The example does not specify what `contains_jar` does. Here is a possible
implementation for `contains_jar` that walks a dependency graph.
This shows that Mangle rules can be recursive.

```
contains_jar(P, Name, Version) :-
contains_jar_directly(P, Name, Version).

contains_jar(P, Name, Version) :-
project_depends(P, Q),
contains_jar(Q, Name, Version).
```

The two rules correspond to two cases in which a project may "contain" a jar:
either directly, or through some dependency.

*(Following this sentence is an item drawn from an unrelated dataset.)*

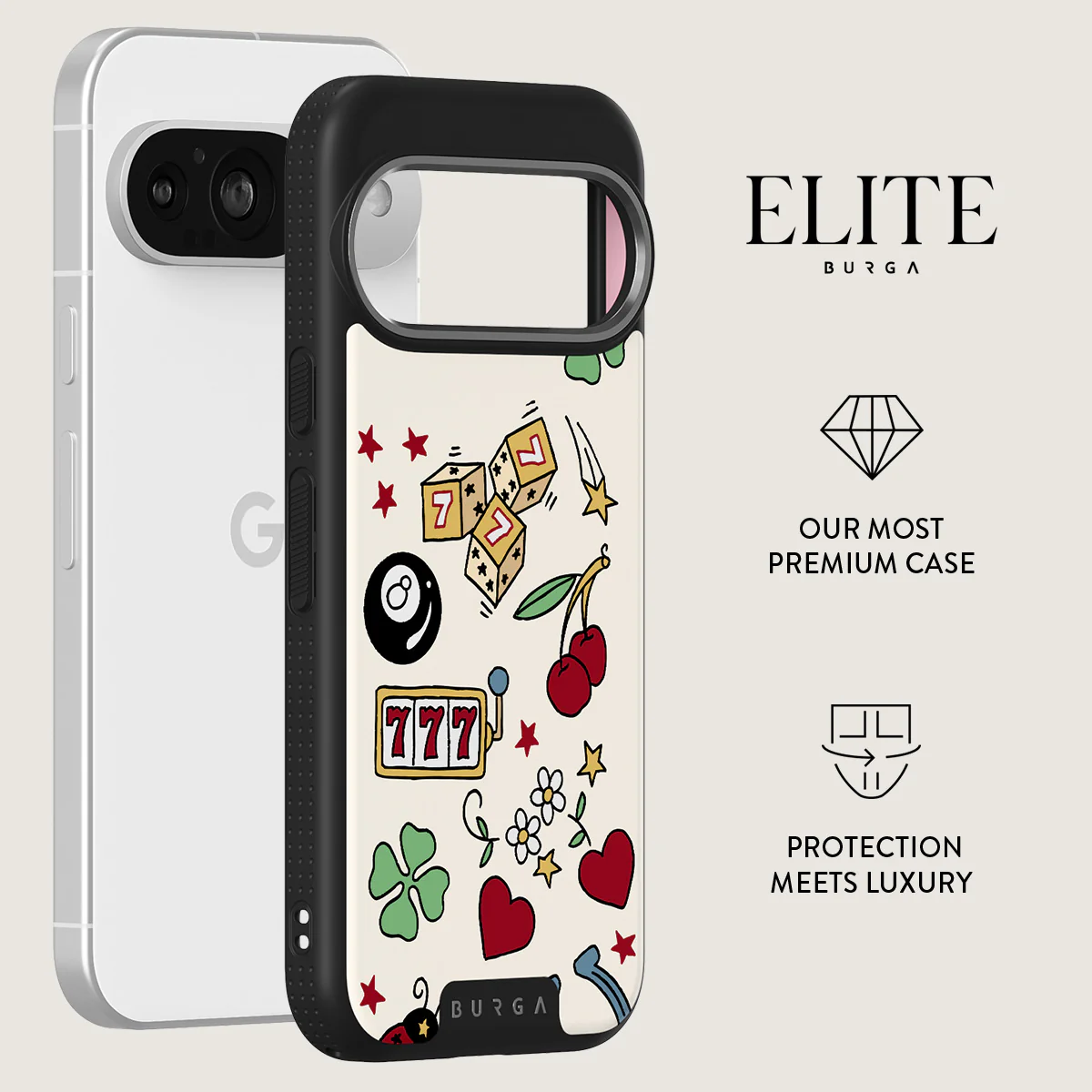Against the Odds - Google Pixel 10 Pro XL Case - Image 13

### Knowledge Graphs, Property Graphs

In requirements engineering, one needs to captures real world concepts in a
domain model and controlled vocabulary. Description logics use
roles to describe how concepts interact, but these relationships are always
binary. Mangle can represent binary predicates, but also arbitrary n-ary
relations. Moreover it also has support for structured data.

```
one_or_two_leg_trip(Codes, Start, Destination, Price) :-
direct_conn(Code, Start, Destination, Price)
|> let Codes = [Code].

one_or_two_leg_trip(Codes, Start, Destination, Price) :-
direct_conn(FirstCode, Start, Connecting, FirstLegPrice).
direct_conn(SecondCode, Connecting, Destination, SecondLegPrice)
|> let Code = [FirstCode, SecondCode],
let Price = fn:plus(FirstLegPrice, SecondLegPrice).

```

```mermaid
graph LR
/zurich -->|/code/ZL
60 CHF| /lausanne
/zurich -->|/code/ZB
30 CHF| /bern
/bern -->|/code/BL
30 CHF| /lausanne
```

## Building & Testing

Get the dependencies (see [go.mod](go.mod)), build the library, run tests:

```
go get -t ./...
go build ./...
go test ./...
```

### Regenerating the parser sources

If you want to regenerate the parser sources, you need to set up ANTLR first.
This requires a Java runtime environment.

```
wget http://www.antlr.org/download/antlr-4.13.2-complete.jar
alias antlr='java -jar $PWD/antlr-4.13.2-complete.jar'
antlr -Dlanguage=Go -package gen -o ./ parse/gen/Mangle.g4 -visitor
```

## Contributing

The Mangle maintainers welcome external contributions to spec, documentation
and this implementation (see [CONTRIBUTING.md](CONTRIBUTING.md)) and also other
implementations. Pull requests will be handled
[like for tensorflow](https://github.com/tensorflow/tensorflow/blob/master/CONTRIBUTING.md),
to ensure our internal usage and tests will pass.